Sixteen subjects (aged 13 to 34 years) with congenital and childhood-onset type 1 myotonic dystrophy received 12 weeks of single-blind fixed-dose oral treatment with either 400 mg (n = 8) or 1000 mg (n = 8) AMO-02 (NCT02858908). Blood samples were obtained for pharmacokinetic assessment. Safety assessments, such as laboratory tests and electrocardiograms, as well as efficacy assessments of syndromal, cognitive, and muscular functioning, were obtained.

Results

AMO-02 plasma concentrations conformed to a two-compartment model with first-order absorption and elimination, and dose-dependent increases in exposure (area under the curve) were observed. AMO-02 was generally safe and well-tolerated.
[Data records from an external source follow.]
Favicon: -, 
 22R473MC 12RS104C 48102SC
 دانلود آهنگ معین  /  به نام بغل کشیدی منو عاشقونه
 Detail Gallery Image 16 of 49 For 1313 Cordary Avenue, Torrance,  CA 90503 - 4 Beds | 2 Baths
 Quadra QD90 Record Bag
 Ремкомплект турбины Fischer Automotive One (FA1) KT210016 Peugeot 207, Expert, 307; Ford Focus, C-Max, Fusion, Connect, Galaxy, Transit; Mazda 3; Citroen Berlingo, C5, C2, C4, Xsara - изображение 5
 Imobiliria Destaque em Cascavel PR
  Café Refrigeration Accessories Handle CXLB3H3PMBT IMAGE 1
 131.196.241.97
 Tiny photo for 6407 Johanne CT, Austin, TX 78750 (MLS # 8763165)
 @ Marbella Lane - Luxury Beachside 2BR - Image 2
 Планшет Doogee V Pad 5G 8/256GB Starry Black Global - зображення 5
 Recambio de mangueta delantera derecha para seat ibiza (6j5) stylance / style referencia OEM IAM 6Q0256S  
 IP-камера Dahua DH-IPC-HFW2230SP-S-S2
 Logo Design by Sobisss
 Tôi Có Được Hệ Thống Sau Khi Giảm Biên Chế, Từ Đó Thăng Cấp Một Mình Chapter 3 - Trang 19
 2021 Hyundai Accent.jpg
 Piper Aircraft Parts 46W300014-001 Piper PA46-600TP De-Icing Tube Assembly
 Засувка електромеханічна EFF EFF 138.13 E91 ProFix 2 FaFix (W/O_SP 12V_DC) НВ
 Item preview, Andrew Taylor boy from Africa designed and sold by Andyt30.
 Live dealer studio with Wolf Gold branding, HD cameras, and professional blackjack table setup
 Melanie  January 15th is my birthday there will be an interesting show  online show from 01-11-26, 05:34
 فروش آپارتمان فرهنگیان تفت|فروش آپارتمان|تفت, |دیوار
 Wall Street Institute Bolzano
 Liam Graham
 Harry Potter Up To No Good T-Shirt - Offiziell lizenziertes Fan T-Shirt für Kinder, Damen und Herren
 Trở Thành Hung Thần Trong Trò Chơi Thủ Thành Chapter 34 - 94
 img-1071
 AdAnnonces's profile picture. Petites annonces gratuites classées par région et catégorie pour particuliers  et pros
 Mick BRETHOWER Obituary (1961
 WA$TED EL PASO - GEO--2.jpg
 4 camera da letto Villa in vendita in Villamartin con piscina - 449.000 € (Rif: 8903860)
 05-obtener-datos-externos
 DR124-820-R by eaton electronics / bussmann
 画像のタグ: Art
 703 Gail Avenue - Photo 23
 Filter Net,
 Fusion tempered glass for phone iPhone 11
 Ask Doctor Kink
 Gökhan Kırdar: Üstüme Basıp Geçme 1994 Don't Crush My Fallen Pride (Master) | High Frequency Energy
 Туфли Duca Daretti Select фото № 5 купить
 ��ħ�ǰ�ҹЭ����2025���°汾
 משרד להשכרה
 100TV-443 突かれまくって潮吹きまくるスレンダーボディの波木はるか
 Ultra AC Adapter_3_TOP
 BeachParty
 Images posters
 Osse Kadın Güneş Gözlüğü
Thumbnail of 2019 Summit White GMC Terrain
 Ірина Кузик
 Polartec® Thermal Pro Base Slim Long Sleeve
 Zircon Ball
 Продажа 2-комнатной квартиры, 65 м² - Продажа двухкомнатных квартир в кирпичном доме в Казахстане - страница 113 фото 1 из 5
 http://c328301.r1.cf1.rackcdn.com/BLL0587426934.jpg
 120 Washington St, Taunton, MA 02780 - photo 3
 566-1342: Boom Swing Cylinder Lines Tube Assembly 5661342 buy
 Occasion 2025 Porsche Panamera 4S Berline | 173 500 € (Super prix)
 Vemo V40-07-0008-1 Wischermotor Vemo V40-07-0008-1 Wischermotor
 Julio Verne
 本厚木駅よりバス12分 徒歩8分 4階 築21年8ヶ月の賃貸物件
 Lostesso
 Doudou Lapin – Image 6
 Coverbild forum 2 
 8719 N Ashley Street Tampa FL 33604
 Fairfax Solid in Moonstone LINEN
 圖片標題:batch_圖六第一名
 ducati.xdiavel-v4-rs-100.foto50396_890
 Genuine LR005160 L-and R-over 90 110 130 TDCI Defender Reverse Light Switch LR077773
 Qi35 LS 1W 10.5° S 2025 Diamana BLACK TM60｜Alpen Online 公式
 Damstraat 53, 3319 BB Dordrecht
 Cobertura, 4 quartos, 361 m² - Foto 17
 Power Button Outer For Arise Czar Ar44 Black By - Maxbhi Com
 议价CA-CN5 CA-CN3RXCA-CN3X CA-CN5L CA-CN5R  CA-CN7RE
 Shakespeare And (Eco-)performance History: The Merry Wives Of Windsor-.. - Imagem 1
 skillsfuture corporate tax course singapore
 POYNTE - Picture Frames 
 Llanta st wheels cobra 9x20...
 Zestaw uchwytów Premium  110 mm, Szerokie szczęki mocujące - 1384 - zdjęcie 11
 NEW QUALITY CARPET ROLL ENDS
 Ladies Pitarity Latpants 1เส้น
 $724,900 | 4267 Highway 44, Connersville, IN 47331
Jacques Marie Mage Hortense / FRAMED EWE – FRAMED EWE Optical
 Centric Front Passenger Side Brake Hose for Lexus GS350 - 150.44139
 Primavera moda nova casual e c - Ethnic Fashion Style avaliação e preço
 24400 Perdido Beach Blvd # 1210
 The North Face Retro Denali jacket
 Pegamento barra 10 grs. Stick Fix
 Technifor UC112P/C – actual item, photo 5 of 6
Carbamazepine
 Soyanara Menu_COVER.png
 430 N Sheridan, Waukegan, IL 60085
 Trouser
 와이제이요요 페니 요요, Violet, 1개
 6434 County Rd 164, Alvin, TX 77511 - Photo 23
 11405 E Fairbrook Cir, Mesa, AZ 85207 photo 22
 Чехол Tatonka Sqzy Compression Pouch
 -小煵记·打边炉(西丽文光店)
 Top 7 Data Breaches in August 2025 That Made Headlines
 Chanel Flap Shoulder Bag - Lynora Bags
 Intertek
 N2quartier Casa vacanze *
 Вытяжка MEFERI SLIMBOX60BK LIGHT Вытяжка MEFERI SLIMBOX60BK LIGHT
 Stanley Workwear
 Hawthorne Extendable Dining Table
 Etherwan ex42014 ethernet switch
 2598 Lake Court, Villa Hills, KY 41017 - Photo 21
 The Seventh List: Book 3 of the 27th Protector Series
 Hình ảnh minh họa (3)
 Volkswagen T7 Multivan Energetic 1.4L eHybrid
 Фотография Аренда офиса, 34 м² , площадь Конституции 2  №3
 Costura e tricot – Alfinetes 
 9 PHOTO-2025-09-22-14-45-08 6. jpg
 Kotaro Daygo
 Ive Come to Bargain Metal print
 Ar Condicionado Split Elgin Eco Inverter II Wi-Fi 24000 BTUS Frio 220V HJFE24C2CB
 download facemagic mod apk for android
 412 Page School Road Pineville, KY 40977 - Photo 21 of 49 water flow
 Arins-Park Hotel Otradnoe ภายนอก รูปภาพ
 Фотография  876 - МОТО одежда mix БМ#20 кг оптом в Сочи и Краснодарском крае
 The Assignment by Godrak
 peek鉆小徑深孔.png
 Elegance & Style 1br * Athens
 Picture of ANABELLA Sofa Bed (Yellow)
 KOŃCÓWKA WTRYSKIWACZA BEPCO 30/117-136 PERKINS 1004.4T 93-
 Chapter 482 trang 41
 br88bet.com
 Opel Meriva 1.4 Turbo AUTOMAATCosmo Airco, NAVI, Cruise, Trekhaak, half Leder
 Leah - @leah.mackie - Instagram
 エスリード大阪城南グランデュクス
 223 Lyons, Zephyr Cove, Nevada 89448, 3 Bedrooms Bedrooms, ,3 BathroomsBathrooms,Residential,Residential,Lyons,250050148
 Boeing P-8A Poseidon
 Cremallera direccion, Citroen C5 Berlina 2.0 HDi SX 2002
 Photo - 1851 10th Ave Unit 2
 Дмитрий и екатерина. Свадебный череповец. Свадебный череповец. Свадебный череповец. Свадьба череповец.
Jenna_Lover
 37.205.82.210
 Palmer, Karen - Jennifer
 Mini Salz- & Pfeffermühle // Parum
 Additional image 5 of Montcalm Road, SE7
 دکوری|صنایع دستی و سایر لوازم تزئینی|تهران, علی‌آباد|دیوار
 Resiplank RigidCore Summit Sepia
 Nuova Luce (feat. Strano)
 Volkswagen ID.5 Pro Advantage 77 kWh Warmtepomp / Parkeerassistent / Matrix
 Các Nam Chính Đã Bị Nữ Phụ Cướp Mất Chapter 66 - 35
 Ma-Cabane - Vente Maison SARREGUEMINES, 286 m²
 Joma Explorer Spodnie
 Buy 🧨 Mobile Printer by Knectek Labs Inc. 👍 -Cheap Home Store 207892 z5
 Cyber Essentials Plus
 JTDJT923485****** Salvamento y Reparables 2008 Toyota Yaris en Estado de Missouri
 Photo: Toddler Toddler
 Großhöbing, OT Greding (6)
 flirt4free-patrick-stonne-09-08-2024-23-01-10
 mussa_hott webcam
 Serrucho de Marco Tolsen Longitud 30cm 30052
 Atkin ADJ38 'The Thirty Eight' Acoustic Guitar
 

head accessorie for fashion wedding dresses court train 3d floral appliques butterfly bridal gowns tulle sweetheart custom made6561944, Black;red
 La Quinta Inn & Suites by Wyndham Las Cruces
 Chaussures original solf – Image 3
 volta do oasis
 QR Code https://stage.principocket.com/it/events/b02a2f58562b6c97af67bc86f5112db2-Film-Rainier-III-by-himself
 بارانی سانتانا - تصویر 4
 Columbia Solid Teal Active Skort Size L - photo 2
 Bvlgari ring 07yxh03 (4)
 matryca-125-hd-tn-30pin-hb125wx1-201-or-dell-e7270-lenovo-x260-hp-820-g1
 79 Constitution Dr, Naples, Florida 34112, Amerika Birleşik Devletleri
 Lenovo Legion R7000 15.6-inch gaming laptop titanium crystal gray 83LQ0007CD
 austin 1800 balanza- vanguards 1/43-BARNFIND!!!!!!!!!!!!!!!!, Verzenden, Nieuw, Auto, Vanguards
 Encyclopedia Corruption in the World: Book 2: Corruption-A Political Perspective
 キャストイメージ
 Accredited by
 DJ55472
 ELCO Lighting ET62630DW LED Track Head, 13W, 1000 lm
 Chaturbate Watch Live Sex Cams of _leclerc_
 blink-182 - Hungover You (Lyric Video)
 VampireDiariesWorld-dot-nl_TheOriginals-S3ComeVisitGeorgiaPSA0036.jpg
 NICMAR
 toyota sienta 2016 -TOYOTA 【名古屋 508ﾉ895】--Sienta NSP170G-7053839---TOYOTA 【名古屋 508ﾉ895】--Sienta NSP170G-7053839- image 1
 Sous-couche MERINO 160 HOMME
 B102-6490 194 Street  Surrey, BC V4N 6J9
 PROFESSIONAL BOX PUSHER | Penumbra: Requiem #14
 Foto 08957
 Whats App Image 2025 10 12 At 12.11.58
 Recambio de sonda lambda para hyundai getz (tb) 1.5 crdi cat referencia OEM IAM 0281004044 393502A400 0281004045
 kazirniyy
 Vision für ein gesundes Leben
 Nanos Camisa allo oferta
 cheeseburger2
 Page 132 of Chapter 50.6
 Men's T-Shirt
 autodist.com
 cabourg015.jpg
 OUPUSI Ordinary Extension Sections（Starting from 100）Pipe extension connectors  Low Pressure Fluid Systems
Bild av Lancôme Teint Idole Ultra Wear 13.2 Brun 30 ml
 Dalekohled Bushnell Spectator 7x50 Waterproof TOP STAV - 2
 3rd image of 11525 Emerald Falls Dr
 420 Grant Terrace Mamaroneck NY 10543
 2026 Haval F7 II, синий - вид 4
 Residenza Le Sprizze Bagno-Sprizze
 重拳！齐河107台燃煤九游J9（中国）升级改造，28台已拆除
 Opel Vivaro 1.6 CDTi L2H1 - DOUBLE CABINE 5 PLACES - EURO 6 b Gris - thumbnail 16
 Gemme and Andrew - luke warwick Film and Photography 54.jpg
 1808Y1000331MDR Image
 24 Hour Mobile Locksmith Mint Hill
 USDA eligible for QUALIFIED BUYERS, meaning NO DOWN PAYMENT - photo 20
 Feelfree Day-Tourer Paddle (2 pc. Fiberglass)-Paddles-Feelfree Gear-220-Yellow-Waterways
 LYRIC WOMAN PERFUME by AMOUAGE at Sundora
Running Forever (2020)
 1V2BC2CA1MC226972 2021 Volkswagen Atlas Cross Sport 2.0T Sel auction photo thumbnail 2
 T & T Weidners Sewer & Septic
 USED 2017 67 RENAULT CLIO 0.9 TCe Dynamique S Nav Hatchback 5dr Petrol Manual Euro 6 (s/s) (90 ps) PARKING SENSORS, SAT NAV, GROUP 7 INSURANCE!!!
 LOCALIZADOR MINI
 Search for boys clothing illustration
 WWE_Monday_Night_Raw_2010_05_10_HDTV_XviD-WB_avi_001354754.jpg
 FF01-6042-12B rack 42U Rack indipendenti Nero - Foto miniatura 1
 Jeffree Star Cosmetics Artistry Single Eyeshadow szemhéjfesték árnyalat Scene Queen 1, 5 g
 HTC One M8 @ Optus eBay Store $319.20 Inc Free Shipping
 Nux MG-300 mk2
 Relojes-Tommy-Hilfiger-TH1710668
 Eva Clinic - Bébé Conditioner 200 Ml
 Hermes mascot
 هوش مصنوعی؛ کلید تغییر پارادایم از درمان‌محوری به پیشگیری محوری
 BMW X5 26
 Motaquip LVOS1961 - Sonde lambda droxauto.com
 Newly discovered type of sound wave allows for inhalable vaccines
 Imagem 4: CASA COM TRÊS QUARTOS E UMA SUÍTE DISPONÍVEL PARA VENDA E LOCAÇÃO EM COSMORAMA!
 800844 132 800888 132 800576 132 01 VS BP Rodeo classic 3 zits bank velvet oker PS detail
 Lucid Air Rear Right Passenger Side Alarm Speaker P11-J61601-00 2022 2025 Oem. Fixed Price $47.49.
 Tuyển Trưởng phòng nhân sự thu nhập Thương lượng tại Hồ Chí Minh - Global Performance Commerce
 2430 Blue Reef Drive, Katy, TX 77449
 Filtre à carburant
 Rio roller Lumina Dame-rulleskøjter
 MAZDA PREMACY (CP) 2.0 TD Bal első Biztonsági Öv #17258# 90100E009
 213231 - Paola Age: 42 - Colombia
No early discontinuations due to adverse events or dose adjustments of AMO-02 occurred. The majority of subjects manifested clinical improvement in their central nervous system and neuromuscular symptoms after 12 weeks of treatment compared with the placebo baseline, with a larger response noted at the 1000 mg/day dose level. AMO-02 exposure (cumulative area under the curve) was significantly correlated (P < 0.01) with change from baseline on several key efficacy assessments.

Conclusion

AMO-02 has favorable pharmacokinetic and clinical risk/benefit profiles meriting further study as a potential treatment for congenital and childhood-onset type 1 myotonic dystrophy.

中文翻译：

AMO-02 (Tideglusib) 在先天性和儿童期发病的 1 型肌强直性营养不良 (DM1) 中的第 2 阶段研究。

背景

GSK3β 是一种细胞内调节激酶，在 1 型肌强直性营养不良的多个组织中失调，这是一种罕见的神经肌肉疾病，可出现在任何年龄。AMO-02 (tideglusib) 在 1 型肌强直性营养不良的临床前模型中抑制 GSK3β 活性，促进细胞成熟并使异常分子和行为表型正常化。这项 2 期研究评估了 AMO-02 在患有先天性和儿童期发病的 1 型肌强直性营养不良的青少年和成人中的药代动力学、安全性和耐受性以及初步疗效。

方法

16 名患有先天性和儿童期发病的 1 型肌强直性营养不良的受试者（13 至 34 岁）接受了 12 周的单盲固定剂量口服治疗，包括 400 毫克（n = 8）或 1000 毫克（n = 8）AMO- 02 (NCT02858908)。获得血样用于药代动力学评估。获得了安全性评估，例如实验室测试和心电图，以及对综合征、认知和肌肉功能的有效性评估。

结果

AMO-02 血浆浓度符合具有一级吸收和消除的二室模型，并且观察到暴露量（曲线下面积）的剂量依赖性增加。AMO-02 通常安全且耐受性良好。没有发生因不良事件或 AMO-02 剂量调整而提前停药的情况。与安慰剂基线相比，大多数受试者在治疗 12 周后表现出中枢神经系统和神经肌肉症状的临床改善，在 1000 毫克/天的剂量水平上注意到更大的反应。AMO-02 暴露（曲线下的累积面积）与几个关键功效评估的基线变化显着相关（P < 0.01）。